INPUT RECORDS:

-------------------------

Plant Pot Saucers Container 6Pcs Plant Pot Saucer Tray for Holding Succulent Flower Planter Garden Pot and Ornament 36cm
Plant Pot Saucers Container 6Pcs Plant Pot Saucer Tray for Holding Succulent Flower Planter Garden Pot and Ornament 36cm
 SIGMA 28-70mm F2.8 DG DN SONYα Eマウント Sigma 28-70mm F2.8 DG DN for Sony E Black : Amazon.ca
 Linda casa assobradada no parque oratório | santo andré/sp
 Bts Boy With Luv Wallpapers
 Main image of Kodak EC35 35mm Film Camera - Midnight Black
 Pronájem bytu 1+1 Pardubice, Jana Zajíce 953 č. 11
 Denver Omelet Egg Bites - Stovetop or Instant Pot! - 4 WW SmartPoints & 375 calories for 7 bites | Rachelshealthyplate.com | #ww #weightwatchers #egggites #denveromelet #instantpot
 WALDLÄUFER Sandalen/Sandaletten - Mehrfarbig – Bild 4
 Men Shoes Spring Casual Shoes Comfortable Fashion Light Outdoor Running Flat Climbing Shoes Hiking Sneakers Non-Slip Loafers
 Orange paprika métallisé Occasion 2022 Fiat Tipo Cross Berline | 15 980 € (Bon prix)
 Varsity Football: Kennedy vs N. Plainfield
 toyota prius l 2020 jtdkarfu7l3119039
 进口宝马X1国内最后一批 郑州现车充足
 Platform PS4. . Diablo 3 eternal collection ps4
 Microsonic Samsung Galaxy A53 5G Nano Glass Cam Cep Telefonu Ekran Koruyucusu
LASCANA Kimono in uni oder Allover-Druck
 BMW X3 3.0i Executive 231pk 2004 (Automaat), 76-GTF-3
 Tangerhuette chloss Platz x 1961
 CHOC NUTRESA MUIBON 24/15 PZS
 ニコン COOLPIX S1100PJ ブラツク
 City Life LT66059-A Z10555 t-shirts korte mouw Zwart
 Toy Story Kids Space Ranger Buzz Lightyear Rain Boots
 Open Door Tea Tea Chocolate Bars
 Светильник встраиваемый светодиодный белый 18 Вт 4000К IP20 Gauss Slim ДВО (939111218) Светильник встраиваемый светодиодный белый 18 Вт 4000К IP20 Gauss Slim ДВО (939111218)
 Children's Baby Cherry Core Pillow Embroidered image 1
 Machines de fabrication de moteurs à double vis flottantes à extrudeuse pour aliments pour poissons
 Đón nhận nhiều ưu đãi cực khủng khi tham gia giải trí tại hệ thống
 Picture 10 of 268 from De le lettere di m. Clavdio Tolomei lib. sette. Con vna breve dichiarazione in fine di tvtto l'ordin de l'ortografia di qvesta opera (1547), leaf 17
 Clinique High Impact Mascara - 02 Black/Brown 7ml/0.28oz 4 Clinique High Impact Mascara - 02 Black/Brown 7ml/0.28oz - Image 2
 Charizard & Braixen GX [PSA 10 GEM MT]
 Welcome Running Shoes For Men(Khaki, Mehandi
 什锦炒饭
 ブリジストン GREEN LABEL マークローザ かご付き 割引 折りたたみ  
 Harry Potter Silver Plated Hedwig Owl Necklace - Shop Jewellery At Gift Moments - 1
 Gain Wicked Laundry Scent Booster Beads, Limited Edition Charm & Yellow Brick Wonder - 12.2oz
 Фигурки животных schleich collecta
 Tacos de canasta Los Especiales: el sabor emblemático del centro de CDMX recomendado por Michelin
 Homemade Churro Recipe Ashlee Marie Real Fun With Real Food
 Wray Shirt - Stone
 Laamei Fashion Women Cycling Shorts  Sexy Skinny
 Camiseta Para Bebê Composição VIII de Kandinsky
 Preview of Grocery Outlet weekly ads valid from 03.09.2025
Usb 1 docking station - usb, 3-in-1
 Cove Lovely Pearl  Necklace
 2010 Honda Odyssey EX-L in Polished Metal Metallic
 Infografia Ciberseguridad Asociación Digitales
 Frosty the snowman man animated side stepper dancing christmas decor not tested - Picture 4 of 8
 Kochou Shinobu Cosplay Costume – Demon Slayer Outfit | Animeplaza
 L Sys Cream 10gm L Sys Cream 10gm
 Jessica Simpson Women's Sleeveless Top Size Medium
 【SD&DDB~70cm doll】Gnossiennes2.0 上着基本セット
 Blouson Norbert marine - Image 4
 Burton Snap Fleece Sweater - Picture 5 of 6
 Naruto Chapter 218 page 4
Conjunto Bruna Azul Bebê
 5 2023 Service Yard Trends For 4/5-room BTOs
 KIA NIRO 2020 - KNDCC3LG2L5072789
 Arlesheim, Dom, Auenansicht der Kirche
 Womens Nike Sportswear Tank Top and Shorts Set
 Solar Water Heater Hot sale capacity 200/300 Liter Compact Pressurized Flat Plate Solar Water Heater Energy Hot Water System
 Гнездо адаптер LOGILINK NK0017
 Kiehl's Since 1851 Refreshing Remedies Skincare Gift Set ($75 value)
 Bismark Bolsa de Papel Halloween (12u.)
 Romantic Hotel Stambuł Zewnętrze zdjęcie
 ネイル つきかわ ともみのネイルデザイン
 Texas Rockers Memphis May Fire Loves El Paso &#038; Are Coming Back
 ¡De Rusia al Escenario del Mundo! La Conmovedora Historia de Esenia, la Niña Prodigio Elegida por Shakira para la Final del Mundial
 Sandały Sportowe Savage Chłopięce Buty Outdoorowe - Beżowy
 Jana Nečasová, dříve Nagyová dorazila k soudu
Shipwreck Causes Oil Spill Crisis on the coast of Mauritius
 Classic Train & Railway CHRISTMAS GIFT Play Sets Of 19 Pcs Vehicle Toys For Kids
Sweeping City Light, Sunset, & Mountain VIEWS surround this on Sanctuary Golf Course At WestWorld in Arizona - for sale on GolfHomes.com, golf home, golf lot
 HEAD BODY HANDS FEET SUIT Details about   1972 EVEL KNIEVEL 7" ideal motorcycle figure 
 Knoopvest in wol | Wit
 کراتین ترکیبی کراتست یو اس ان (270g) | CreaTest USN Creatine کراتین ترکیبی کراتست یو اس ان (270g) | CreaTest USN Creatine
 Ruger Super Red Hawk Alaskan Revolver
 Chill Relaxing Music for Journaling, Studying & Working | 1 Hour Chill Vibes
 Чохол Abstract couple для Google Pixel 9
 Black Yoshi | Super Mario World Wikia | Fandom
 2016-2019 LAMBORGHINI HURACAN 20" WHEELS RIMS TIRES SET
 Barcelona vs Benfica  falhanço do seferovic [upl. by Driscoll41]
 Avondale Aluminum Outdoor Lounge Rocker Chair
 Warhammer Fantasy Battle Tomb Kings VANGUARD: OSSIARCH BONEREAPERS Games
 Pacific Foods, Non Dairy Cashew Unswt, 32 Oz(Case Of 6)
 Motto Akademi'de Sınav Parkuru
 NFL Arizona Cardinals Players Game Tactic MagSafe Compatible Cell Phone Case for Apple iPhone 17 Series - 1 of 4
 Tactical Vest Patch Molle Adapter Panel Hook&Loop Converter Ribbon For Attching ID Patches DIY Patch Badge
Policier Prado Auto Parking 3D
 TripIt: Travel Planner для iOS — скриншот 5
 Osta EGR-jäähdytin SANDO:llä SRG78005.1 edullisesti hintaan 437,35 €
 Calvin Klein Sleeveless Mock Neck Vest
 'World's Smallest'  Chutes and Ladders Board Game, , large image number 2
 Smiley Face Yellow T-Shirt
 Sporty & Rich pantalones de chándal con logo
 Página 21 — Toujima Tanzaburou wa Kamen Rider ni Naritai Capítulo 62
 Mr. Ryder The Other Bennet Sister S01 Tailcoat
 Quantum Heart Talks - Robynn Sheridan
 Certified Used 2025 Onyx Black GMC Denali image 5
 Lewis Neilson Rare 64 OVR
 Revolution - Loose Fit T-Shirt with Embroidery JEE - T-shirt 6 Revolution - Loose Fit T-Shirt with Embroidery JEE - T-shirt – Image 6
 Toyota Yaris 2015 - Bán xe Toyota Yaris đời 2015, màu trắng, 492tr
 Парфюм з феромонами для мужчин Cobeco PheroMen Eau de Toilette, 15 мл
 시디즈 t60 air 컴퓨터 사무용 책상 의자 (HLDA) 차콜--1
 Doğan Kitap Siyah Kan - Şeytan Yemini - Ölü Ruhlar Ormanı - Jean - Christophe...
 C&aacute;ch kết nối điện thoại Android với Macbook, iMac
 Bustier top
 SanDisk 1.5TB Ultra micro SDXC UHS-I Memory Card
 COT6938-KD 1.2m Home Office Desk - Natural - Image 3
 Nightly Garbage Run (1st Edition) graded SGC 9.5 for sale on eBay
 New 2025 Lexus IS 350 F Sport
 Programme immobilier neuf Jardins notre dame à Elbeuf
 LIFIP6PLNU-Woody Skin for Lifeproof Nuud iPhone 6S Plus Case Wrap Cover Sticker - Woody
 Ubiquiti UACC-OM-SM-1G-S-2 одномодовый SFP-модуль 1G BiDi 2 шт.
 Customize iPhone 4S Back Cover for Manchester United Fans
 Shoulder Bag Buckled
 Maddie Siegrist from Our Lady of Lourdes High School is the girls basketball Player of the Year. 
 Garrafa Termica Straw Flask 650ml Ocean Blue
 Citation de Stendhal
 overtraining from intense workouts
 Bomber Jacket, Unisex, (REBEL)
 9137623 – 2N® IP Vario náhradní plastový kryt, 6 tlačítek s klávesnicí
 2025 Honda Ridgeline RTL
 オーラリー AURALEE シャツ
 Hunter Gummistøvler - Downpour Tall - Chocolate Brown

-------------------------

TASK DESCRIPTION:
Look above for the line with "Ruger Super Red Hawk Alaskan Revolver" and the line with "TripIt: Travel Planner для iOS — скриншот 5". Write out those two lines and all the lines between them, exactly, and no others.

RESULT:
 Ruger Super Red Hawk Alaskan Revolver
 Chill Relaxing Music for Journaling, Studying & Working | 1 Hour Chill Vibes
 Чохол Abstract couple для Google Pixel 9
 Black Yoshi | Super Mario World Wikia | Fandom
 2016-2019 LAMBORGHINI HURACAN 20" WHEELS RIMS TIRES SET
 Barcelona vs Benfica  falhanço do seferovic [upl. by Driscoll41]
 Avondale Aluminum Outdoor Lounge Rocker Chair
 Warhammer Fantasy Battle Tomb Kings VANGUARD: OSSIARCH BONEREAPERS Games
 Pacific Foods, Non Dairy Cashew Unswt, 32 Oz(Case Of 6)
 Motto Akademi'de Sınav Parkuru
 NFL Arizona Cardinals Players Game Tactic MagSafe Compatible Cell Phone Case for Apple iPhone 17 Series - 1 of 4
 Tactical Vest Patch Molle Adapter Panel Hook&Loop Converter Ribbon For Attching ID Patches DIY Patch Badge
Policier Prado Auto Parking 3D
 TripIt: Travel Planner для iOS — скриншот 5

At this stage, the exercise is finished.